This is not the first time McDonald’s has been taunted by Burger King, particularly during its well-known Monopoly game promotion which is always a major event as consumers hunt for the rare game pieces. By lowering the cost of chicken nuggets so drastically, Burger King is taking a shot at taking away some of the steam of that annual event.
The Burger King franchise is certainly taking the King part of its name seriously. In addition to taunting McDonald’s, the company has been busy initiating other tactics which have caused stock prices to soar while the competitor’s plummet. Stock prices for Burger King have increased a reported 56 percent thus far in the past year.

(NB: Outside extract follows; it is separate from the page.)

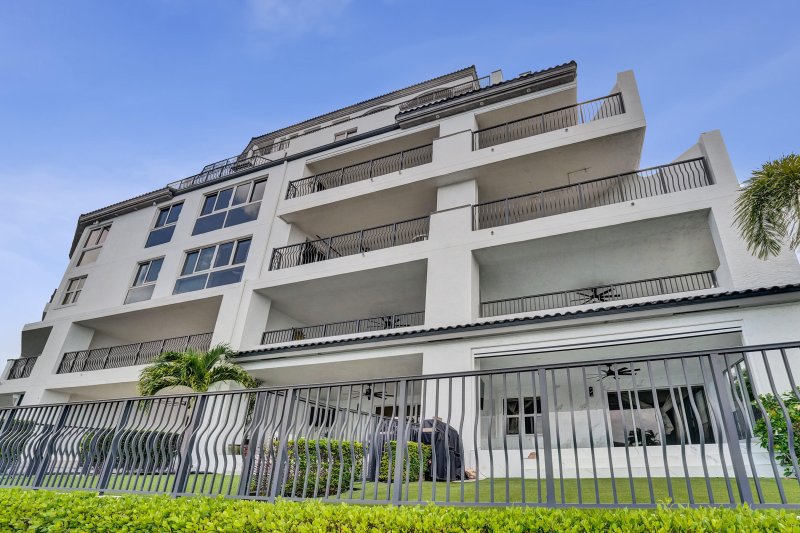 Condo for sale at La Cascade 402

Some of the King’s tactics have included acquiring the Canadian coffee chain Tim Hortons, and as a result, creating a parent company for both located in Canada, which saves on corporate taxes. Simplifying the menu and slashing executive perks have also made the chain more appealing to both investors and customers. Also appealing to investors is the price of stock. With McDonald’s stock down from $102 to $96, Burger King’s $38 per share price tag is eye-catching, particularly since the company is on an upswing, while McDonald’s is on a decline.

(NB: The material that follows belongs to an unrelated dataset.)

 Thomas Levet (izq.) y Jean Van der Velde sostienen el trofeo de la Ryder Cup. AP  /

With profits on the rise and the company staying true to its classic fast food roots, customers can have it their way with low prices and the food they have come to love. The dividends for Burger King are obvious, both literally and figuratively. Although there is still a gap between their stock prices, Burger King’s direct assault on McDonald’s iconic menu item may help close it.
There are still several months left in the financial quarter, and this is the time of year when fast food chains tend to up their game in marketing and promotions. What Burger King will do next is anyone’s guess, but if this latest strategy is any indication, consumers are sure to be reaping the benefits, while the Golden Arches may lose a bit of their luster.